Aldair: tra i migliori difensori nella storia del calcio e, ovviamente, nella storia della Roma. Incedere dinoccolato, tecnica sopraffina, senso dell’anticipo spaziale. Un top player nella categoria dei centrali. 13 anni di appartenenza alla Roma. 436 partite, 20 gol.
Sebino Nela: l’unico giallorosso ad aver disputato due finali europee con la Roma. Era in campo nel 1984 nell’atto finale di Coppa Campioni contro il Liverpool, presente nella doppia sfida conclusiva della Coppa UEFA 1990-1991 con l’Inter. Questo a dimostrazione della grandezza. 397 presenze, 19 gol.
Thomas Haessler: ala destra atipica. Piccolino, ma fisico compatto. Non velocissimo, però allo stesso tempo dotato di una qualità tecnica sofisticata. Abilissimo nei calci di punizione, campione del mondo nel 1990 a Roma. “Boboroboborobo, Boboroboborobo Tommasino Hessler go’”. 118 gare, 14 gol.
Fabrizio Di Mauro: mediano di qualità, numero 8 spesso sulle spalle, giocava spesso con delle fascette bianche sulle caviglie. Espressione del vivaio romanista, nello stesso periodo storico di Giannini e Desideri. 132 presenze, 9 gol. P.S. Peccato per la stagione 1993-94.
Roberto Muzzi: la fede calcistica era quella sbagliata. Ma pure lui è entrato in alcuni momenti topici nella storia della Roma di inizio Anni 90. Il gol in Coppa Italia al Milan. Nella stessa stagione (1992-93), sedeva accanto a Totti a Brescia nel giorno dell’esordio in A di Francesco. 83 presenze, 12 gol.
Giuseppe Giannini: praticamente tutta la carriera donata alla Roma. Capitano, simbolo e numero 10. Lui, il poster a inizio degli Anni 90. Regista di qualità, visione di gioco e capacità di andare a rete. Le lacrime a Foggia. Non meritava una festa rovinata nel giorno dell’addio al calcio. 437 gare, 75 gol.
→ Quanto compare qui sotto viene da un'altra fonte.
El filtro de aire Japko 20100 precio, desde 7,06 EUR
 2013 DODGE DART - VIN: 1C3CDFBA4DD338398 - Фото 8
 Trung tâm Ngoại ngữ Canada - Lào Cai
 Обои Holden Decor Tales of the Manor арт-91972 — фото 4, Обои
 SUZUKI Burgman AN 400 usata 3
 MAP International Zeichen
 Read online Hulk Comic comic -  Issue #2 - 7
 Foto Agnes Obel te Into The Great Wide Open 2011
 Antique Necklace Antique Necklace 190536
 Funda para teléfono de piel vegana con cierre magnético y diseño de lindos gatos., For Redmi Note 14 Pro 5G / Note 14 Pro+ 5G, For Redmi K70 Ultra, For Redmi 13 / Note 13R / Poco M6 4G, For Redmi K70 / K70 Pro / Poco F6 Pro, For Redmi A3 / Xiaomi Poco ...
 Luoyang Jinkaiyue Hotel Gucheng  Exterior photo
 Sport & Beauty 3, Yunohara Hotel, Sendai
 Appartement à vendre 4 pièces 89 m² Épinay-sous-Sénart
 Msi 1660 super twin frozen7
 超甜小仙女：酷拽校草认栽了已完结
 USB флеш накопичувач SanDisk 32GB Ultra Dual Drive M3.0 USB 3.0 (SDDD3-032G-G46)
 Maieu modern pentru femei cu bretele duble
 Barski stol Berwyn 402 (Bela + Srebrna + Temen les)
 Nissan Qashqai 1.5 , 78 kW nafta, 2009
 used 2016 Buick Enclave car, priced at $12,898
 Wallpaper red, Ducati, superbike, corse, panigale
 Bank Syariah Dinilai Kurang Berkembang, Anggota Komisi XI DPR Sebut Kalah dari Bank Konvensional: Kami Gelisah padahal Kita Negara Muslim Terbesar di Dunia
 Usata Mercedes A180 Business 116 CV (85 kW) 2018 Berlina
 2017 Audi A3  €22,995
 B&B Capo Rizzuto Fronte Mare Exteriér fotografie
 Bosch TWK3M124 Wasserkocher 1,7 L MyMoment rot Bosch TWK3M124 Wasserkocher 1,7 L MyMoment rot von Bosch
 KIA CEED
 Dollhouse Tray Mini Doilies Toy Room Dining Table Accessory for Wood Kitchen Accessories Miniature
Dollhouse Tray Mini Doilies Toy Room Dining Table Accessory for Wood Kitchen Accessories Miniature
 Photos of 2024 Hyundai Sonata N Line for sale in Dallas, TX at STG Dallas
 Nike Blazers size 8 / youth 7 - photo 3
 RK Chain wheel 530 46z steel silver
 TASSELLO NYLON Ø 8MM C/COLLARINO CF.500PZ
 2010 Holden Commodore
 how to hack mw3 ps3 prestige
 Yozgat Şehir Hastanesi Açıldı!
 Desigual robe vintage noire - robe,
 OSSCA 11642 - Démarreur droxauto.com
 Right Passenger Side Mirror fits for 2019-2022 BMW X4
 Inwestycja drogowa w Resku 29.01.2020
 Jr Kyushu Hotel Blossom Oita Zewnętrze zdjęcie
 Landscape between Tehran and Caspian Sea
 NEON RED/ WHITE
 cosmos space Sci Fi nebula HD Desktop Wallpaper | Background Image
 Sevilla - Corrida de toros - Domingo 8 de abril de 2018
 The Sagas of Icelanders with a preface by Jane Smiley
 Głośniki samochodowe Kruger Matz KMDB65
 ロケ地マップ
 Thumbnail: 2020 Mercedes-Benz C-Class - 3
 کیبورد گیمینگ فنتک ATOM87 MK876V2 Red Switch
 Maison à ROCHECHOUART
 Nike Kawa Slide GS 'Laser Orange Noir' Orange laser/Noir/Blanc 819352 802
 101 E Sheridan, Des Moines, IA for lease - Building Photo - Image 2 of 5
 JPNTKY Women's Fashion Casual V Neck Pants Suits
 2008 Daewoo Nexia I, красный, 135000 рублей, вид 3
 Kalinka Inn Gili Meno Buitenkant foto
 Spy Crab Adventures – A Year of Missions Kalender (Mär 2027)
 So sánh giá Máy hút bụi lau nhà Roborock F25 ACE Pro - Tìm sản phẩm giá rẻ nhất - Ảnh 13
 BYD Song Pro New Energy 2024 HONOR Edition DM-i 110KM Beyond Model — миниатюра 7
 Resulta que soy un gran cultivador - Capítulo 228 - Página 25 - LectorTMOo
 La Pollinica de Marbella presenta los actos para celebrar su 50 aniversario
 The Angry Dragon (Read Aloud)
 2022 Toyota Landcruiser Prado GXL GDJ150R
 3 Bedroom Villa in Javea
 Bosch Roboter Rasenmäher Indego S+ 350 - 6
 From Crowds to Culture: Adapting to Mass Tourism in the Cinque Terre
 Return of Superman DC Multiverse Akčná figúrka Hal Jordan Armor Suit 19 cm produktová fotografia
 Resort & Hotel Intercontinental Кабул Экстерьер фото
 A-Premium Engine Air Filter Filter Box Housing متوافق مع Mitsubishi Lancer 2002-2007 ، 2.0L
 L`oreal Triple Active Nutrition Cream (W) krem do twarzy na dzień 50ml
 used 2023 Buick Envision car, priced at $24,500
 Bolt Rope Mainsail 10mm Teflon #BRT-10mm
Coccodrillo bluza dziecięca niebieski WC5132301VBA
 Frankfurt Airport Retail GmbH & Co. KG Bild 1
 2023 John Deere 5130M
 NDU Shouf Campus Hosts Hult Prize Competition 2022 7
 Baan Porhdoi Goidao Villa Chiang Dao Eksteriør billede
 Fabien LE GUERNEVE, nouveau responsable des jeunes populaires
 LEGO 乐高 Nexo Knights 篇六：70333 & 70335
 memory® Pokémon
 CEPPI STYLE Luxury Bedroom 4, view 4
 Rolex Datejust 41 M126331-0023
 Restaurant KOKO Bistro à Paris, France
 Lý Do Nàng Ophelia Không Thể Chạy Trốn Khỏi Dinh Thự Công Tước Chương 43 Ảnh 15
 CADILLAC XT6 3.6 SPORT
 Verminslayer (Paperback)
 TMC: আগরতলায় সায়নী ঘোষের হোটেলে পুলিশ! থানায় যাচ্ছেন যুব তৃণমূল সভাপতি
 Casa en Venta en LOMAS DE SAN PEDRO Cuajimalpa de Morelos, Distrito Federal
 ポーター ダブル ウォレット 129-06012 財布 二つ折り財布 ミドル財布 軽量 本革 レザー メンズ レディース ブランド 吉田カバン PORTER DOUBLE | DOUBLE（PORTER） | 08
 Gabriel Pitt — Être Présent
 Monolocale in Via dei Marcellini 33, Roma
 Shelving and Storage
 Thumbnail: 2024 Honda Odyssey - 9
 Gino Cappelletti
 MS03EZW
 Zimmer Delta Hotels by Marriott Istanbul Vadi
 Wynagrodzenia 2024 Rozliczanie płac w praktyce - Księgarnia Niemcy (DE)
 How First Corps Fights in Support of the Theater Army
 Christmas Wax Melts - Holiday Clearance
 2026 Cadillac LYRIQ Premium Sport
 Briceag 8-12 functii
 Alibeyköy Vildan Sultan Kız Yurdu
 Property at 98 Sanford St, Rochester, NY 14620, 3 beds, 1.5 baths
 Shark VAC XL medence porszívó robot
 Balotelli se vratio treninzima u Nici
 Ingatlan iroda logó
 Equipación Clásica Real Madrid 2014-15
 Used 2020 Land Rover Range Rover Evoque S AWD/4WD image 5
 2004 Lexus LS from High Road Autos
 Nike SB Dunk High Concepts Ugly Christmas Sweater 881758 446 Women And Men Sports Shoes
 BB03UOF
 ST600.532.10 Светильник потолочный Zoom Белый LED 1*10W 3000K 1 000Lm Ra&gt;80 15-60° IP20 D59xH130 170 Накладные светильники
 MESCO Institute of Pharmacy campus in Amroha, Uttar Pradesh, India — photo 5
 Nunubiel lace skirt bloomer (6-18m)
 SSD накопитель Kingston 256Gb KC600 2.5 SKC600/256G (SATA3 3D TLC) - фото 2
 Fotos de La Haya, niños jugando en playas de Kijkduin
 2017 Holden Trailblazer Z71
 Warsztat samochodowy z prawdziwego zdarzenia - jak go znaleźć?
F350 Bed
Ruggiero Rizzitelli: “Ruggiero bomber vero”. “Rizzi-Rizzi go’”. Arrivato dal Cesena, in giallorosso ha conquistato la ribalta nazionale e scoperto l’amore per questi colori. Ancora oggi rivendica il suo essere tifoso con orgoglio. Casa sua in Emilia è una memorabilia romanista. 211 presenze, 55 gol.